--- INPUT ---

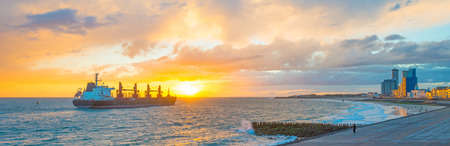 Boat sailing at sea along a coast at sunset in summer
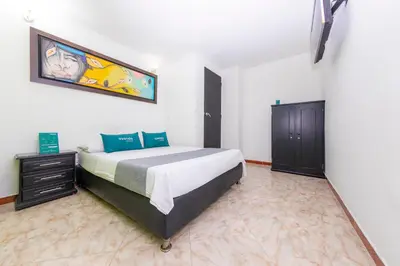 a bedroom with a bed and a painting on the wall at Ayenda Florida Nueva in Medellín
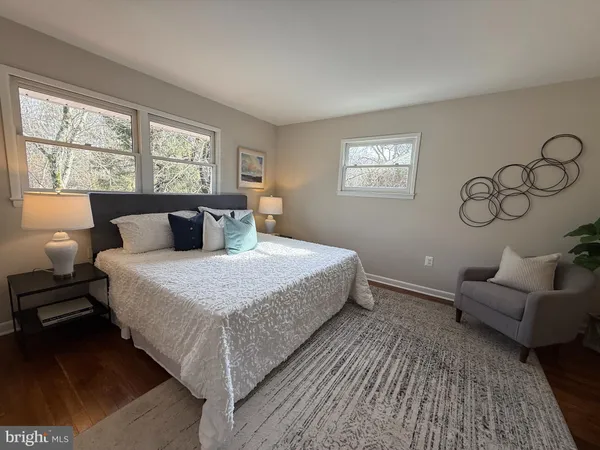 a bedroom with a large bed and a window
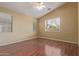 Bright main bedroom with laminate floors, neutral paint, ceiling fan, and generous windows offering plenty of natural light at 4806 E Thunderbird Dr, Chandler, AZ 85249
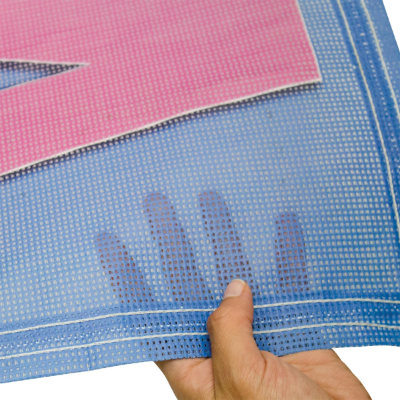 Close-up of hands holding banner material samples including mesh and fabric.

---

**WHAT TO DO**
What you need to produce is an exact copy of the entries above, limited to the lines from the one with "a bedroom with a large bed and a window" up to and including the one with "Bright main bedroom", without pictures.

**TASK RESULT**
 a bedroom with a large bed and a window
 Bright main bedroom with laminate floors, neutral paint, ceiling fan, and generous windows offering plenty of natural light at 4806 E Thunderbird Dr, Chandler, AZ 85249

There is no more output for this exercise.